The code below does not even compile, as NULL is not defined:
int main(int argc, char *argv[])
{
void *p = NULL;
return 0;
}
OTOH, the code below compiles, and you can read and write address 0, if the hardware/OS allows:
int main(int argc, char *argv[])
{
int *p = 0;
*p = 42;
int x = *p; /* let's assume C99 */
}
Please note, I did not include anything in the above examples.
If we start including stuff from the standard C library, NULL becomes magically defined. As far as I remember it comes from string.h.
NULL is still not a core C feature, it's a CONVENTION of many C library functions to indicate the invalidity of pointers. The C library on the given platform will define NULL to a memory location which is not accessible anyway. Let's try it on a Linux PC:
#include <stdio.h>
int main(int argc, char *argv[])
{
int *p = NULL;
printf("NULL is address %p\n", p);
printf("Contents of address NULL is %d\n", *p);
return 0;
}
The result is:
NULL is address 0x0
Segmentation fault (core dumped)
So our C library defines NULL to address zero, which it turns out is inaccessible.
But it was not the C compiler, of not even the C-library function printf() that handled the zero address specially. They all happily tried to work with it normally. It was the OS that detected a segmentation fault, when printf tried to read from address zero.
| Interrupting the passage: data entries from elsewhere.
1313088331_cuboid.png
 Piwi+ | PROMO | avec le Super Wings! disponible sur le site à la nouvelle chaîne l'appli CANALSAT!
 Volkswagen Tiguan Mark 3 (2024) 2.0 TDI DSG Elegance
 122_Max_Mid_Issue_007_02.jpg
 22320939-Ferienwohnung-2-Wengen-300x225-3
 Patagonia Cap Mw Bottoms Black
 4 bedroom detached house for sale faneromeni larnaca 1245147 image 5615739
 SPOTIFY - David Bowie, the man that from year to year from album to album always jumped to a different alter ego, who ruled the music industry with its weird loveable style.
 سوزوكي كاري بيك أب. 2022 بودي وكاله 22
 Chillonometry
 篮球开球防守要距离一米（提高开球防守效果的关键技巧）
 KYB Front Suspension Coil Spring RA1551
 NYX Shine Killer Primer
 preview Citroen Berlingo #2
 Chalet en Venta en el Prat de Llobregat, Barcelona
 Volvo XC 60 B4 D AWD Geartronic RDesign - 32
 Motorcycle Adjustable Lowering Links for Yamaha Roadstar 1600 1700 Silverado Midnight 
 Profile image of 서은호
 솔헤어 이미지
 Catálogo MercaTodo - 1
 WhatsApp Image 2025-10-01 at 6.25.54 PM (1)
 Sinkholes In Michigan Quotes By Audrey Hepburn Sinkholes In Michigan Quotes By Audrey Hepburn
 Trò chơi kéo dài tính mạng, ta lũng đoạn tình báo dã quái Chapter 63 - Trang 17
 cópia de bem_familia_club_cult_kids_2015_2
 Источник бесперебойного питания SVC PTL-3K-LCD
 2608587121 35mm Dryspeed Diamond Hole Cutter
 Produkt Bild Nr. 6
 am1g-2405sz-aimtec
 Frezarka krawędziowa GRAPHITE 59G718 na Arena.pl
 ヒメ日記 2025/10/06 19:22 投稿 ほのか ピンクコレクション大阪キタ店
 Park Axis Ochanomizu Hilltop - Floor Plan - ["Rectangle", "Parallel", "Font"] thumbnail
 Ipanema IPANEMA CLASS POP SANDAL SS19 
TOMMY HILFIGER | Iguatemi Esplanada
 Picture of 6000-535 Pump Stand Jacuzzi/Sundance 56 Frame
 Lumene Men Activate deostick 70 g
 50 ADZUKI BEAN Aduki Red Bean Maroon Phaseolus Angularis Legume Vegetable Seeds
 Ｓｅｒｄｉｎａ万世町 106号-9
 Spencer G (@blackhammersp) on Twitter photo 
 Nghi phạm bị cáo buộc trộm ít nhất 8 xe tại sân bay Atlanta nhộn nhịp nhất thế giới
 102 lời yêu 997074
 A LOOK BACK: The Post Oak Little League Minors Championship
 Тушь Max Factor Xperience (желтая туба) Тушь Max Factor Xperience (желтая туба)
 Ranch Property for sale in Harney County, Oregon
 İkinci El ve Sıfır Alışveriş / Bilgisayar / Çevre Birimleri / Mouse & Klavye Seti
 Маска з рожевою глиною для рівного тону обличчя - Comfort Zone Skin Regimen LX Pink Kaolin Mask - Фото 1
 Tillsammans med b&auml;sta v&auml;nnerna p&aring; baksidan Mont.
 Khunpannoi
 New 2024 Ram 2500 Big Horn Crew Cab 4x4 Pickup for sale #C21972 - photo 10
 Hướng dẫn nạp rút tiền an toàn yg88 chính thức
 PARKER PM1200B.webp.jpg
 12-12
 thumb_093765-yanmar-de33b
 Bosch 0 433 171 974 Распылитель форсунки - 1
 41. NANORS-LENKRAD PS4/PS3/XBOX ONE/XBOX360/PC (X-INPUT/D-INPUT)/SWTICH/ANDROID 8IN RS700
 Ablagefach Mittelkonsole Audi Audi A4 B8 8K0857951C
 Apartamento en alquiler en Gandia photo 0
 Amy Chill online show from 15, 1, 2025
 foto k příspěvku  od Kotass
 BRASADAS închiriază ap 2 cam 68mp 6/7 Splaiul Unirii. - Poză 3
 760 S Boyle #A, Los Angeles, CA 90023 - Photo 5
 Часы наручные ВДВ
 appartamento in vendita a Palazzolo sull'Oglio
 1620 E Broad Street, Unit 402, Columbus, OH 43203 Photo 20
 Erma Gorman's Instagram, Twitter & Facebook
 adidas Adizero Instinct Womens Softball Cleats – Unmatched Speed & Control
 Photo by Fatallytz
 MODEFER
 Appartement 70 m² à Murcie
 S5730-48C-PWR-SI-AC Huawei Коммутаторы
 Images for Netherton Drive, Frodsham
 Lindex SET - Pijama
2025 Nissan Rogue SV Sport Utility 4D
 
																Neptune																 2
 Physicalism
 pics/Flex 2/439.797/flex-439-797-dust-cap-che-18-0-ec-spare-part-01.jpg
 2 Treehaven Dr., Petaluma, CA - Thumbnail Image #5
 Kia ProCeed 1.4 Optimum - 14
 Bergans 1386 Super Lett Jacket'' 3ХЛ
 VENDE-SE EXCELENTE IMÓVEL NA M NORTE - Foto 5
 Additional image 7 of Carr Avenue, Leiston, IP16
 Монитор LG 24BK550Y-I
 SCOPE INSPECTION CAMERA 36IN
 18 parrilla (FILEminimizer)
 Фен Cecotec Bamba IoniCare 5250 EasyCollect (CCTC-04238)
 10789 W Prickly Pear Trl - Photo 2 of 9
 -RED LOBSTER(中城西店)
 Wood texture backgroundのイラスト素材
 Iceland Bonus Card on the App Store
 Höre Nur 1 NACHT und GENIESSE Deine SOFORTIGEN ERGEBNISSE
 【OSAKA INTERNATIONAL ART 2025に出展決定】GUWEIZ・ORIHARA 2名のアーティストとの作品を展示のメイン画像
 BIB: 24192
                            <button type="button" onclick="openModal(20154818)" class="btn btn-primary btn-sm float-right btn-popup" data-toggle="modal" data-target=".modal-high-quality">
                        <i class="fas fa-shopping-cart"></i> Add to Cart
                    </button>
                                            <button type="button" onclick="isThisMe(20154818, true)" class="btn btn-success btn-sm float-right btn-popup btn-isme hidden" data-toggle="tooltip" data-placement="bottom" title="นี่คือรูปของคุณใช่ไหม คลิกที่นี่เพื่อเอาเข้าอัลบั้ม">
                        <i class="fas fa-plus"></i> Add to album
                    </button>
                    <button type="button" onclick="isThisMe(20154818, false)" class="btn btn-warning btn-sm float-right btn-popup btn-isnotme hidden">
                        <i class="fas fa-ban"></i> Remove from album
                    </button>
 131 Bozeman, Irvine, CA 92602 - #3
If I remember correctly, in an AVR microcontroller the register file is mapped into an address space of RAM and register R0 is at the address 0x00. It was clearly done in purpose and apparently Atmel thinks there are situations, when it's convenient to access address 0x00 instead of writing R0 explicitly.
In the program memory, at the address 0x0000 there is a reset interrupt vector and again this address is clearly intended to be accessed when programming the chip.